Checking your submission using Python or R

Johannes Bracher edited this page Oct 27, 2020 · 5 revisions

This entry is an adapted version of materials provided by the US COVID-19 Forecast Hub under the MIT license (https://github.com/reichlab/covid19-forecast-hub/blob/master/data-processed/R_forecast_file_validation.md)

Upon submission, your forecast files will be checked automatically using the Python script test_formatting.py.
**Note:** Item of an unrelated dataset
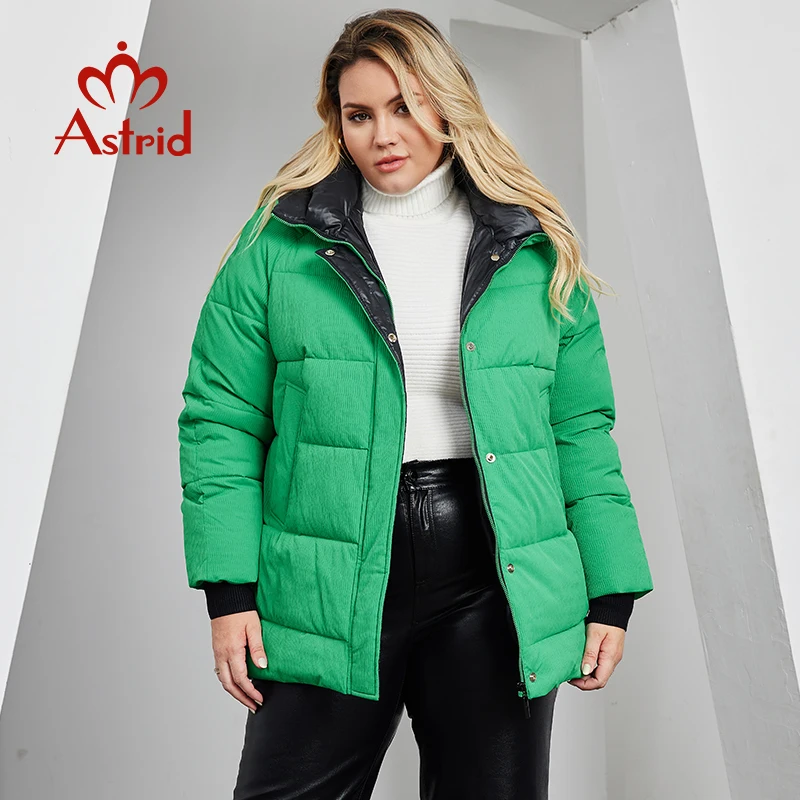 Astrid Women\'s Jacket Winter 2023 Plus Size Women Parka Contrast Warm Down Jackets Hooded Quilted Cotton Coat Female Clothing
In addition to checking formal correctness we strongly encourage you to take a look a visualization of your final forecasts and do some visual plausibility checks. We created a Shiny app to help you do so:

Local Checks with Python

  1. Clone the repository
git clone https://github.com/KITmetricslab/covid19-forecast-hub-de.git
  1. Add your files to data-processed/<TeamName>-<ModelName>
  2. Run these commands for one-time setup
pip install pandas pymmwr click requests urllib3 selenium webdriver-manager python-dateutil pyyaml numpy
pip install git+https://github.com/reichlab/zoltpy/
  1. Validate with python code/validation/test-formatting.py <folder name>, where <folder name> could for instance be KIT-baseline. This will check all files in the respective subfolder <folder name> of data-processed. If you provide no folder name, all folders will be checked.

Local Checks with R

For those familiar with R (but not Python), there is a separate set of tests that may be useful to diagnose data formatting issues in functions_plausibility.R. We have tried to keep these in sync with the python checks automatically run during a pull request, but cannot guarantee perfect agreement. If you discover discrepancies, let us know and we will try to address them.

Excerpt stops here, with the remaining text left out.